Monday, July 30, 2012
Job Hunting In Argentina When You're An Expat
It's been a month and a half since we moved to Cordoba, Argentina, and we assumed finding a job would be a breeze. But blame me. Back when I was still in New York, I e-mailed my mom and asked her if finding work in Argentina would be easy. She said "yes, absolutely," and I believed her. I'm sure she didn't mean any harm. But the damage was done. I was here, and finding work was going to be a challenge.
So here are a few things I learned about looking for work in Argentina that you should know before moving down here.

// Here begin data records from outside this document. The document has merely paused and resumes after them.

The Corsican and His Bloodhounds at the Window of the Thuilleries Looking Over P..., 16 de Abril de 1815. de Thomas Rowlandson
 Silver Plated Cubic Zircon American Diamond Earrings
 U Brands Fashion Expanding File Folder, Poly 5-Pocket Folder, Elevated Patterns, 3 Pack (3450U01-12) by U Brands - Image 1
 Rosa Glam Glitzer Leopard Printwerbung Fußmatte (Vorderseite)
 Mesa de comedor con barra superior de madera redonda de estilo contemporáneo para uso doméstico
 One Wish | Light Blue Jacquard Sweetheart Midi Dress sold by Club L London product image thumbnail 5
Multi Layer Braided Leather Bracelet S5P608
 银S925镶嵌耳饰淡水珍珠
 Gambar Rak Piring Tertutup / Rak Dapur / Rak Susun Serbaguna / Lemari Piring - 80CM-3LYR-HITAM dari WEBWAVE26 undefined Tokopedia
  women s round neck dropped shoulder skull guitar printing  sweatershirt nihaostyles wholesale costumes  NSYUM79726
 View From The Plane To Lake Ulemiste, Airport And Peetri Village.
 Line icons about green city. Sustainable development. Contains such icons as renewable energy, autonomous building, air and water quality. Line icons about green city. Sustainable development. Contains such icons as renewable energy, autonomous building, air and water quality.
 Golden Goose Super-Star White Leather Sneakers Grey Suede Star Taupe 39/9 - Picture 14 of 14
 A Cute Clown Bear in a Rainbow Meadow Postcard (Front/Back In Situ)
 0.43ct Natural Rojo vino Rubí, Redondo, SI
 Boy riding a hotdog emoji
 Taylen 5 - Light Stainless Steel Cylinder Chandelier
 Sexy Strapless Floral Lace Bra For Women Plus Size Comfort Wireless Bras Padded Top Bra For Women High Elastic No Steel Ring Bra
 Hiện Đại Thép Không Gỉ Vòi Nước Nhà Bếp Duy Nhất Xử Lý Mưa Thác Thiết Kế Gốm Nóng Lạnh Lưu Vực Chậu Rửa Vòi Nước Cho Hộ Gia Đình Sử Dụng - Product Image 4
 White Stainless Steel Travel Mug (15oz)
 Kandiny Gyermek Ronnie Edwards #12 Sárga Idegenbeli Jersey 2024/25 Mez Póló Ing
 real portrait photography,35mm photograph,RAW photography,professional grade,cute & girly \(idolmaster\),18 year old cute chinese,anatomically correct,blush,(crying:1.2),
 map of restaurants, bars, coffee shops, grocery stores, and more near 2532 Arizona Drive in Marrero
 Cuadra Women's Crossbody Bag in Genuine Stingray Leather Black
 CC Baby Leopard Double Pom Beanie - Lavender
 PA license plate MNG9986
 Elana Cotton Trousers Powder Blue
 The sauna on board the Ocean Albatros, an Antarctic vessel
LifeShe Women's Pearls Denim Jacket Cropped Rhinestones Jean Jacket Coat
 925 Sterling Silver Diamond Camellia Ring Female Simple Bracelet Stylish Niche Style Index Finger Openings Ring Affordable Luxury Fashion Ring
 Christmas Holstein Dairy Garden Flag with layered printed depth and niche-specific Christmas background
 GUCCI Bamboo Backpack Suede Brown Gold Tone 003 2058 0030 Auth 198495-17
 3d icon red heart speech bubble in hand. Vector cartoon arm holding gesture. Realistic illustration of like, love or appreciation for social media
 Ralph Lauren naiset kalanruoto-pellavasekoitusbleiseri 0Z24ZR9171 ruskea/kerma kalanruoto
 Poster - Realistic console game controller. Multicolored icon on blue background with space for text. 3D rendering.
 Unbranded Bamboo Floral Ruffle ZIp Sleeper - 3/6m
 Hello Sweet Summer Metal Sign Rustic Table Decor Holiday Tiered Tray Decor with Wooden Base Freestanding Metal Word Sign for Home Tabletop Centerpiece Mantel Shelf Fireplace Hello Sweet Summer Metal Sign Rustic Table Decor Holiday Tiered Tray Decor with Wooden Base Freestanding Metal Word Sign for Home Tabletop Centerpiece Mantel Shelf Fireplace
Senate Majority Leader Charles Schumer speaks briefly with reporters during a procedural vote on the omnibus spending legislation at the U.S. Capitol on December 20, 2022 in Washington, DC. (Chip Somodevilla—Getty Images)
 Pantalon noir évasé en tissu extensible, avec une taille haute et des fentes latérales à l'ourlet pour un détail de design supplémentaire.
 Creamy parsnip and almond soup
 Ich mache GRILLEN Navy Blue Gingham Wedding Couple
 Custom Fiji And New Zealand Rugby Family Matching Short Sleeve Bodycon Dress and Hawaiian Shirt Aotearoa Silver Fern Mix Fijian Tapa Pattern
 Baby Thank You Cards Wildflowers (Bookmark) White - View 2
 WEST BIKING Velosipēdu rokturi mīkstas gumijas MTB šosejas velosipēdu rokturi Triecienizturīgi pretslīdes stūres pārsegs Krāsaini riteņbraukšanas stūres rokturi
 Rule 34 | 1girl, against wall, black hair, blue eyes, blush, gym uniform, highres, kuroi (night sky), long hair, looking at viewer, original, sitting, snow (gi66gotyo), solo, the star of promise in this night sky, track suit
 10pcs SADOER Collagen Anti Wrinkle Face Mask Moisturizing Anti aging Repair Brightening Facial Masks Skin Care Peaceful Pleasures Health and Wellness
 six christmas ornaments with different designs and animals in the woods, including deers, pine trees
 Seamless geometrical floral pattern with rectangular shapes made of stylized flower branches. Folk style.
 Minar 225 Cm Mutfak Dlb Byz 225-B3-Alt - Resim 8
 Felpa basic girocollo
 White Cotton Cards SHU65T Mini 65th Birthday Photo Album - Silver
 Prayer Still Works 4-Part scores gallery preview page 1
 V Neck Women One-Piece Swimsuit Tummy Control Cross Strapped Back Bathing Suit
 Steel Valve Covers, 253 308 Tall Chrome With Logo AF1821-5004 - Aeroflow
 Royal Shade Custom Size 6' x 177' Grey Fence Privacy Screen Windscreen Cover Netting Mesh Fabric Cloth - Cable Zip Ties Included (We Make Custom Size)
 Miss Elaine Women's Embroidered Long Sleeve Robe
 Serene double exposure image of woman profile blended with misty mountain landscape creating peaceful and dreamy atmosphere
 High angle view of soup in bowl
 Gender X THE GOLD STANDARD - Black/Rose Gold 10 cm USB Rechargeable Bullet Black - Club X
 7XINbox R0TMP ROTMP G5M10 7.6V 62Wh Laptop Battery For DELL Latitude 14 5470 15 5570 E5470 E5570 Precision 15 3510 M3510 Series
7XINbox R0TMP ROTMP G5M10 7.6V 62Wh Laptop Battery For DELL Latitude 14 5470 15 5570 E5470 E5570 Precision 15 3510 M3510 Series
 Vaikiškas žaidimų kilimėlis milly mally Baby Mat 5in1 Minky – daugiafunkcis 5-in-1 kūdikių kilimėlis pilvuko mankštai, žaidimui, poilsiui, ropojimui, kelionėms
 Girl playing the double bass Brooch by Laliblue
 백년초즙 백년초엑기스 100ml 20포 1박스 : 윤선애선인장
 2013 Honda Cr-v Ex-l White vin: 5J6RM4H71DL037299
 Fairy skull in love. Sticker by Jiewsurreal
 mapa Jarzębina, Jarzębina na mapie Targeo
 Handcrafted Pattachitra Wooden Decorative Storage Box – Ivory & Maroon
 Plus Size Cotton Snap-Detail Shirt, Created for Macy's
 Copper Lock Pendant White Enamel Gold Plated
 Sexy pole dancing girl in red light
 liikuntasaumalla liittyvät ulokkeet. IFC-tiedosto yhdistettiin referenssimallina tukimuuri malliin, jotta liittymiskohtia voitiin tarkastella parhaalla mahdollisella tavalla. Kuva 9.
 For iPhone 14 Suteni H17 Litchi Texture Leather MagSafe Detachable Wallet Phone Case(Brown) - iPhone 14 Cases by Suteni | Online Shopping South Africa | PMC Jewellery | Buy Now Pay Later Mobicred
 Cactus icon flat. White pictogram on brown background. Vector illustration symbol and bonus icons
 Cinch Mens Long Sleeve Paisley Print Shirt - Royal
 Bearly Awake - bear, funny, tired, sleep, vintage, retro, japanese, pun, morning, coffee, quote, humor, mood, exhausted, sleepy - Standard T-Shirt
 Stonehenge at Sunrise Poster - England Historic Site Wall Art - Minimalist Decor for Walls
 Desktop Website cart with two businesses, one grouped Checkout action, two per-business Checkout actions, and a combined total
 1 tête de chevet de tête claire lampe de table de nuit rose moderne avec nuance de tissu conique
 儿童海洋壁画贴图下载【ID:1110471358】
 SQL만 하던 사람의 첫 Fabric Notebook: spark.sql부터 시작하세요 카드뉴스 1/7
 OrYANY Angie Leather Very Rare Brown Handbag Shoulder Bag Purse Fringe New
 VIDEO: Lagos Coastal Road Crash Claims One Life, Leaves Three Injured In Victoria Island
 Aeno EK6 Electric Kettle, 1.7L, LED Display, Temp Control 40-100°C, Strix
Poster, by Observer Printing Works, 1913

Age Requirement Age is a major factor here. If you're 30 or older, you may encounter some problems landing a job. Most job posts I've seen won't hire anyone over 26. Gender Argentine businesses reserve the right to discriminate job candidates based on gender. I was shocked to learn this. In the States, I would have sued the heck out of a company for placing an ad that said looking for female applicants only.
It´s Not Who You Are. It's Who You Know It's not always about your work experience or degree. It's about your connections. If you have friends or family in Argentina who are well placed in stable businesses, your chances of getting your foot in the door increases exponentially.
Jobs Look For
The most secure jobs in Argentina are in the financial industry. Citibank and HSBC Bank are some of the best options. Unfortunately, they are not currently hiring as of this post.
Computer programming or computer repair are also great career options.
Teaching English In Argentina
Locals tend to hog all the English teaching jobs at the public university, at least in Cordoba they do, but according to some of the people I spoke with, they're not very good at their jobs. Your best bet is to try applying for work at a private language school, or offer private classes. The latter is a good, albeit temporary solution, but in the long run, it won't help pay the bills.
Familiarize Yourself With Argentine Castilian: I highly recommend that you get a good working knowledge of Argentine Castilian. Don't assume that your basic knowledge of Spanish learned from the States will help you. Okay, so you might get by with it, but there are some differences that you need to be aware of. For example, in the States, Latinos used the word coor cowhich means to grab, but in Argentina, it's a profane way of saying to fornicate. So, you need to be aware of these differences that might not seem significant, but can cause a huge understanding at work.
Keep in mind that all computer programs, like Excel and Word, are in Spanish. The command functions for spreadsheet formulas are in Spanish as well, so you should familiarize yourself with this ahead of time or you might run into some trouble if you're working in the clerical field.
Apostilles Make sure your high school diploma, college diplomas, and transcripts have apostilles and are notarized. Some jobs may require that you present these things.
Job Outlook The Argentines I've spoken to so far have a very grim view of the job outlook. So, I strongly urge you to save some money before coming here. You will need it to stay afloat until you land a job. You can also use your financial nest egg to book a ticket back home, which is something I wish I'd considered before blowing all my money on stuff for my home. My advice would be to secure a job before arriving in Argentina. I´ve heard of an expat from Italy who came here, but couldn’t find a job. Eventually he ran out of money and now, he can’t afford to return home. Don’t let that happen to you. It’s a nightmare. I just hope that the job outlook improves soon.